There was a red line not long ago on a social issue. My red line is not to cause harm to my sources. Even if the source doesn’t understand that they might be causing themselves harm, like in the story [from Batenka, da vy transformer] where the central subject talks about how she’s a heroin addict and she can still live a full life. That piece didn’t change anything on its own.

Sure, but that’s a little abstract. How do you decide on a day-to-day basis what to publish and what’s unpublishable?

We do have an ethical system. And the principle is that you have to listen to all sides.

Second of all, you don’t want carnage to ensue in the village as soon as your correspondent leaves. For example, I think the story around the Perchikov family in the Pskov region is very complicated (Meduza’s widely discussed reporting on the matter can be found here). I don’t think there were any malicious intentions, but there were unintended consequences that weren’t considered in advance. People started bullying the family, and instead of helping the girl, who had some developmental differences, people started provoking her even more.

One of any journalist’s fundamental values is freedom of speech, and the government is infringing on that freedom more and more nowadays.

I try to live as though there are no walls. I live my life as though I’m maximally free. Why don’t we have censorship [at RT]? In part because we have the freedom to talk to each other. For example, I’m talking to you now.

So you think freedom of speech is the freedom to talk to each other. Okay. I heard that some folks from the [Moscow] mayor’s office came to you with a proposal to run for the Moscow City Duma. Why did you turn them down?

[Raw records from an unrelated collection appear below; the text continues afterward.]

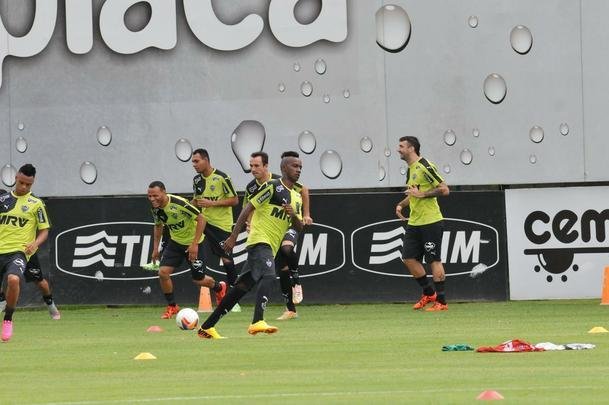 Na Cidade do Galo, atletas foram comandados por Diego Aguirre em primeiro treino do ano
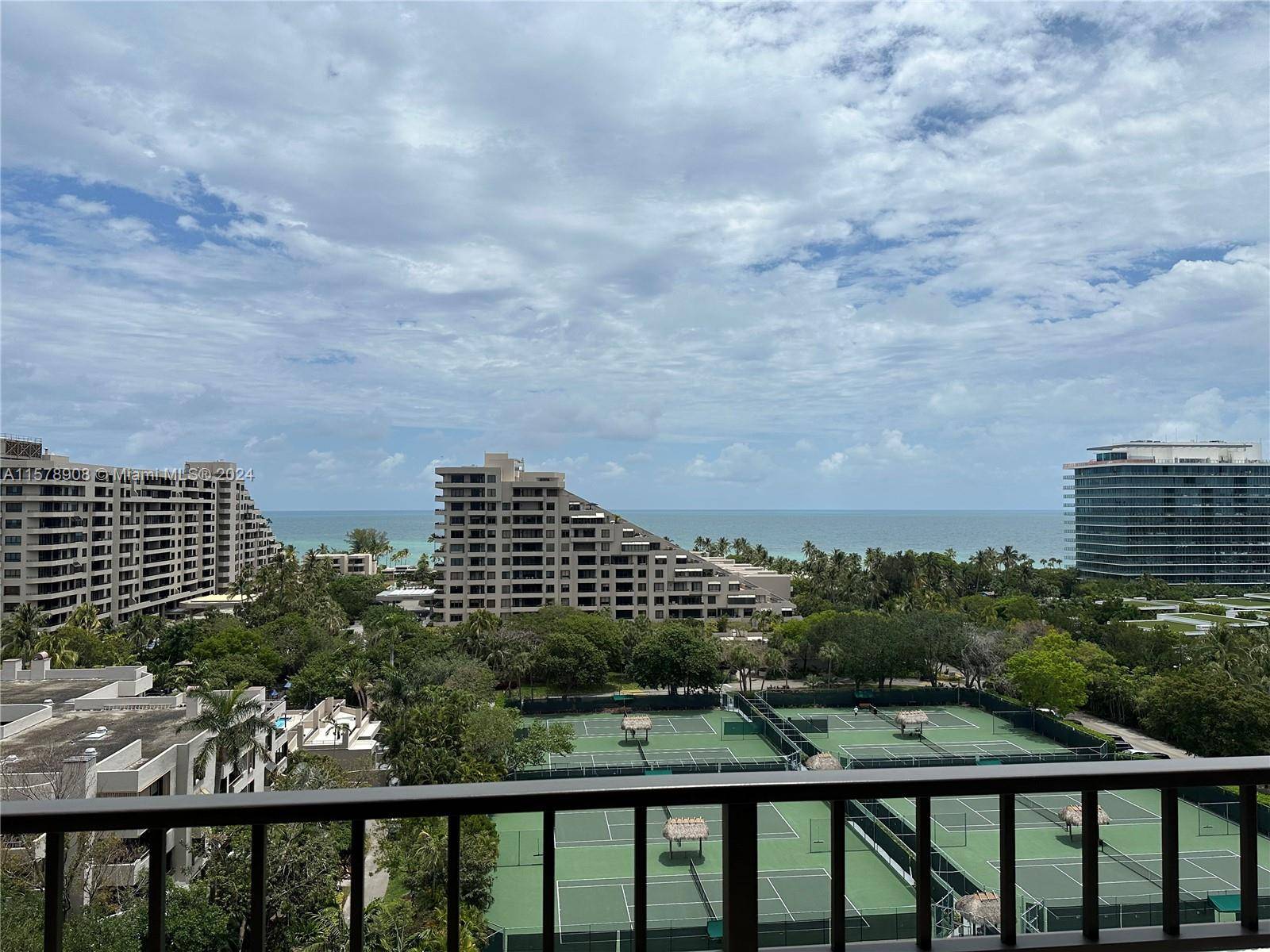 Key Biscayne, FL 33149,151 Crandon Blvd #1002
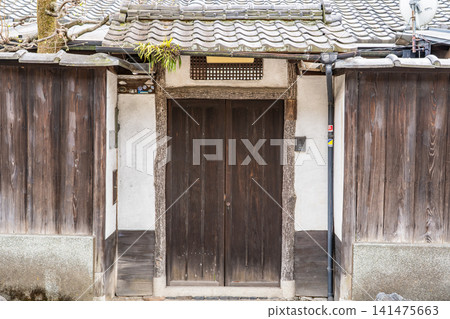 位於京都市上京區聖國寺門前町的湯本家舊宅(木造建築)是明治時代一位歷史學家編纂《平安抄》的地點。 位於京都市上京區聖國寺門前町的湯本家舊宅(木造建築)是明治時代一位歷史學家編纂《平安抄》的地點。 141475663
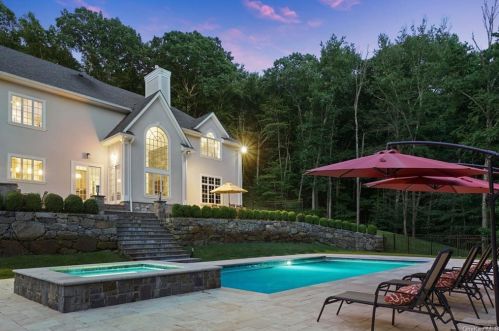 15 Gifford Lake Dr, Armonk, NY 10504-2712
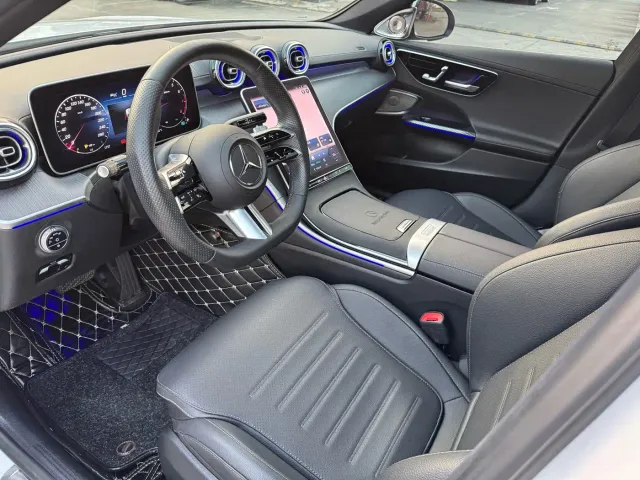 Mercedes-Benz C-Class — Фото автомобиля 4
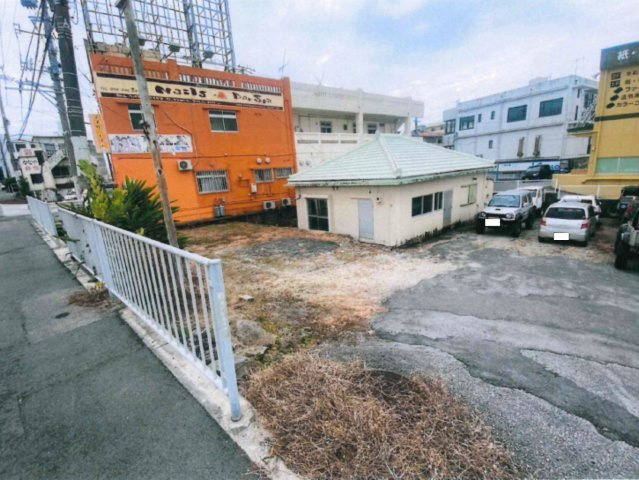 宜野湾市伊佐３丁目　売土地の外観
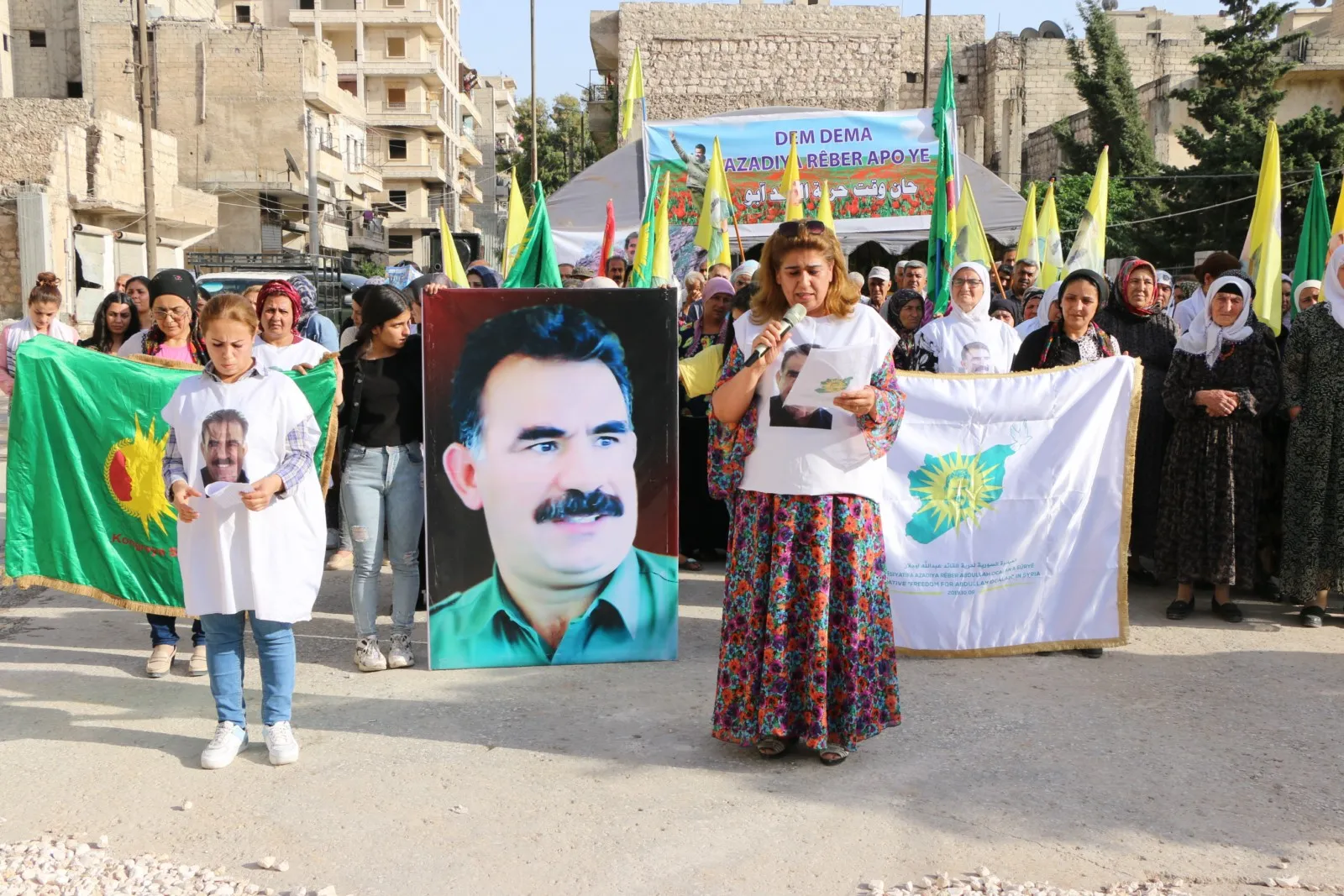 ​​​​​​​Li Helebê çalakiya ji bo azadiya fîzîkî ya rêber Ocalan
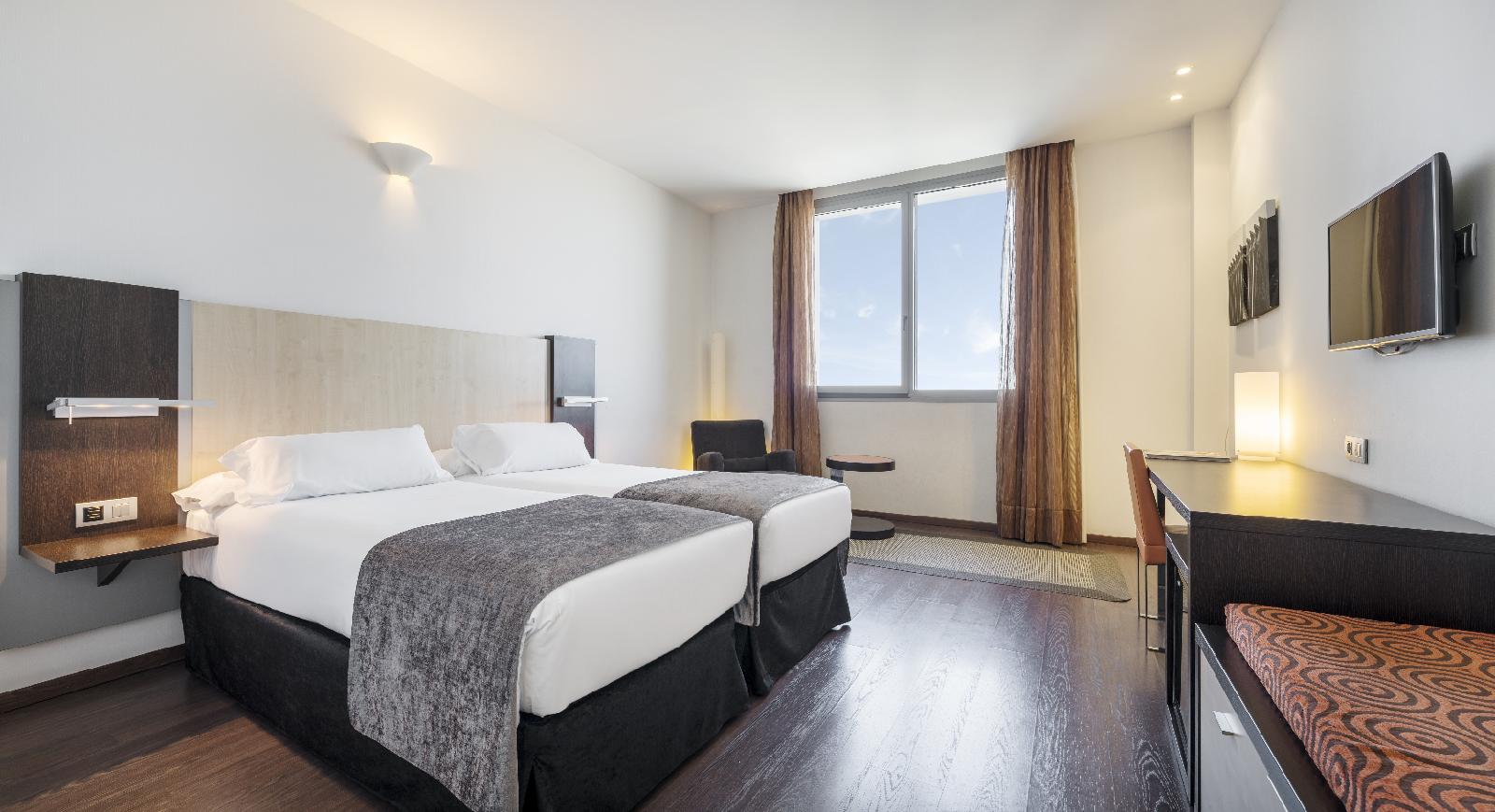 Hotel Ilunion Aqua 4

No, that’s not true. The people who came to me were a totally separate group who are opposed to the Moscow government. They asked me, and I thought about shooting a message to Mr. Metelsky [the leader of the ruling United Russia party’s faction in the Moscow City Duma], who is also running. I can’t rule out the possibility that in the process, while I was thinking about the idea and going to a huge number of people for advice, someone somewhere sent a message. And then, people played telephone with it, and it got distorted.

So really, how much have you changed in the past few years to join RT?

Now, I think I haven’t changed that much. I saw a lot of more objective and less objective pieces coming out of independent outlets and government outlets alike. That’s why I never shied away from going on the air for Rossiya 24. I won’t pretend I’ve always been objective. When you deal with a story for years, you do start forming your own position.

But there must be some kind of boundary where you’d want to report something and they wouldn’t let you or they would fire your coworker if they refused to dump their sources. Do you have that kind of boundary at RT, with Margarita Simonyan?

Well, judging by my first month and a half on the job, everything’s all right.